Table 2: Comparison of PVL* Volume and Count for Four Anatomical Regions for RRMS and CIS versus Migraine Patients.
The maximal difference identified between patient groups was seen when comparing the volume of PVL adjacent to the body of the lateral ventricles and the posterior horn. In those two anatomical areas, the average volume of these PVL was between 1.9 to 6.2 times greater in RRMS patients (p<0.033) and 3.3 to 8.9 times higher in CIS patients (p<0.023) as compared to migraine for both FLAIR and T2WI. Greater PVL volume difference between CIS/RRMS and migraine was seen using FLAIR sequence as opposed to T2WI. With regard to PVL count, significant statistical difference was identified for RRMS but only for lesions adjacent to the temporal horn and body of the lateral ventricles (as seen on T2WI) and the posterior horn and body of the lateral ventricles (as seen on FLAIR). There were no significant differences between the number and volume of PVL adjacent to the anterior horns of the lateral ventricles among all three groups of patients on both imaging sequences. Additionally, there was no statistical difference in the volume of PVL adjacent to the temporal horns of the lateral ventricles on either sequence. Interestingly, patients with migraine had increased numbers of PVL adjacent to the temporal horn of the lateral ventricles on T2WI (P < 0.0097) compared to RRMS, this trend was not seen on FLAIR. The earliest clinical presentation of RRMS is CIS. There was no significant difference between RRMS and CIS in PVL count or volume for any anatomical region analyzed in Figure 2.

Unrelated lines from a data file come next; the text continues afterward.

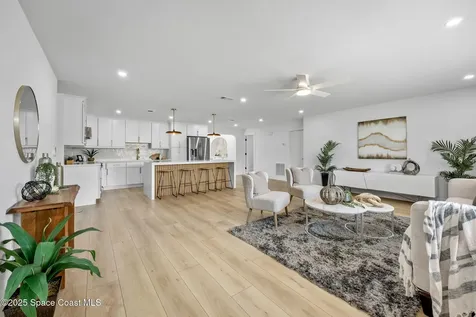 325 Park Avenue Satellite Beach FL 32937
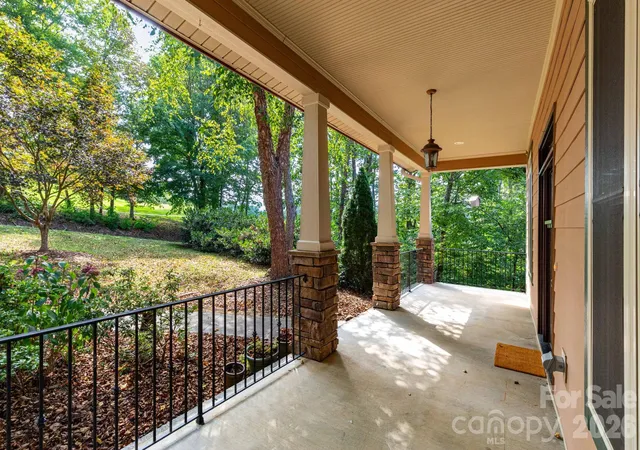 Photo 3 of Single family home for sale at 5 Meadowbrook Ln, Weaverville, NC 28787 | MLS# 4425213 | Listing updated on 2026-09-17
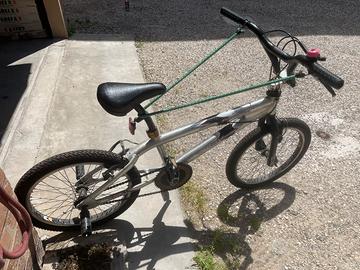 Bmx bicicletta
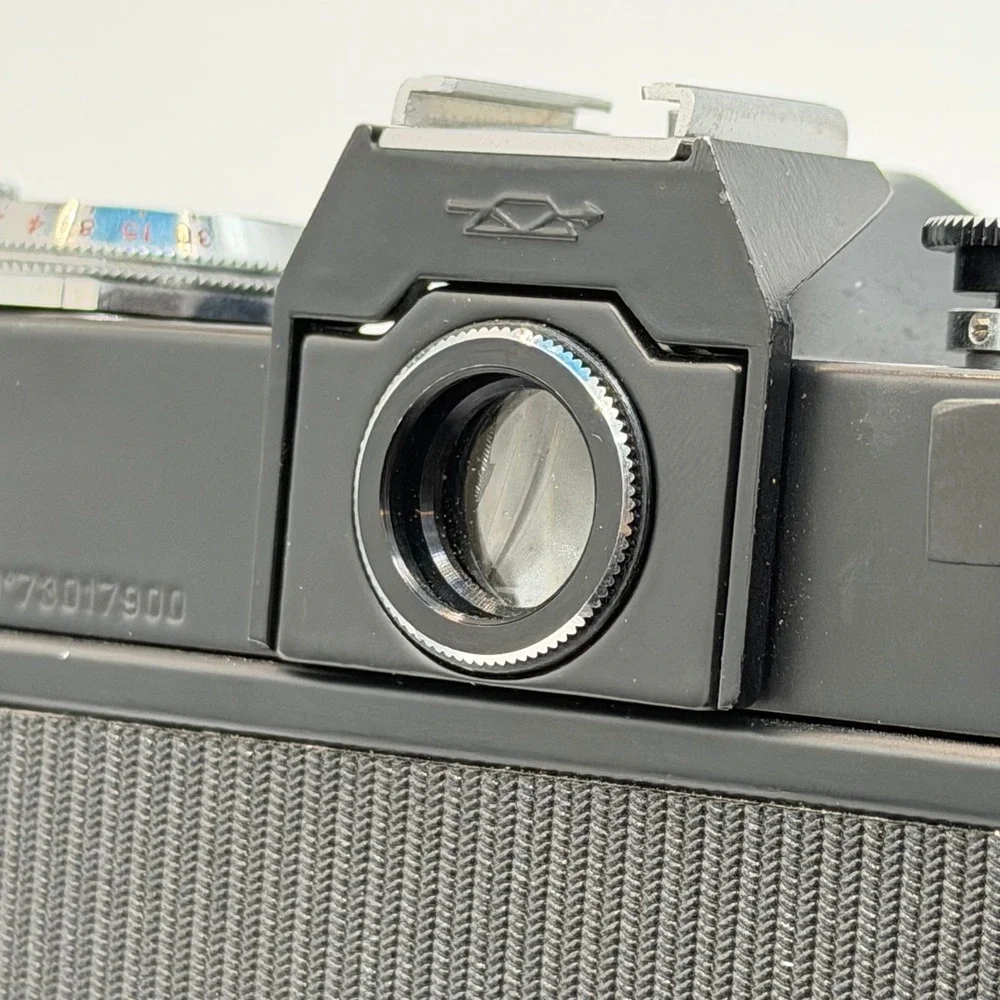 Zenit-E 35mm Film SLR Camera Body Black Soviet USSR M42 Mount Vintage 73017900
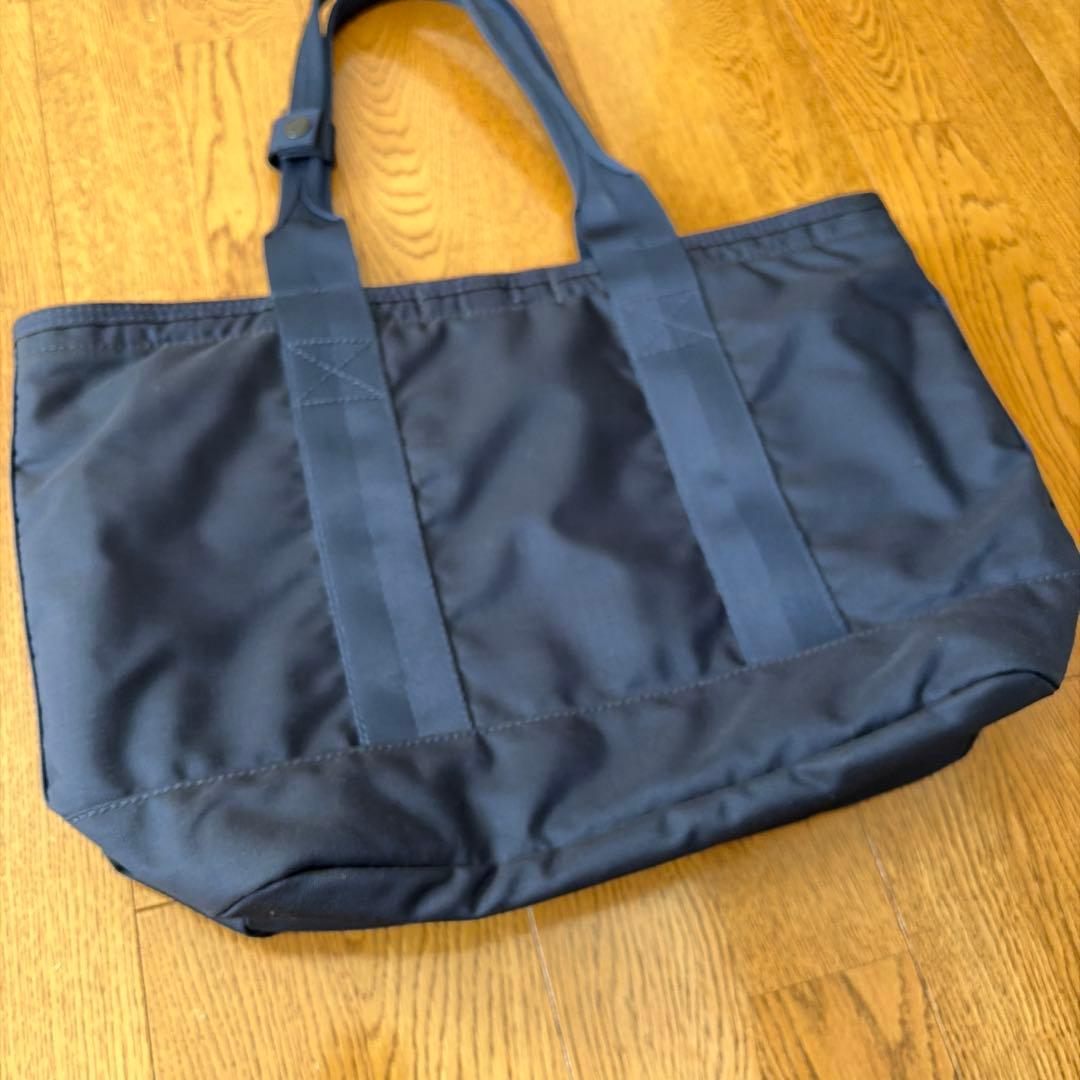 【美品】DISCRETE TOTE SM MW GENII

In the next part of the study, we applied binary logistic regression analysis, as described in the methods section, to identify the maximal accuracy and its corresponding threshold for both lesion counts and lesion volume that would differentiate migraine from RRMS and CIS. This was done separately for the count and the volume of lesions adjacent to the posterior horn, the body of the lateral ventricles, total lesion count as well as total lesion volume for both FLAIR and T2WI. The highest accuracy to correctly diagnose CIS vs. migraine was reached when comparing the volume of PVL adjacent to the body of the lateral ventricles, 0.857, for FLAIR images and for the posterior horn and body of the lateral ventricles, both at 0.833, for T2WI. The highest accuracy to correctly diagnose RRMS vs. migraine was reached when comparing the volume of PVL adjacent to the body of the lateral ventricles, 0.75, for FLAIR images. The corresponding volume or count threshold yielding the maximal accuracy to distinguish between RRMS and CIS versus migraine is provided in Supplemental Table 1.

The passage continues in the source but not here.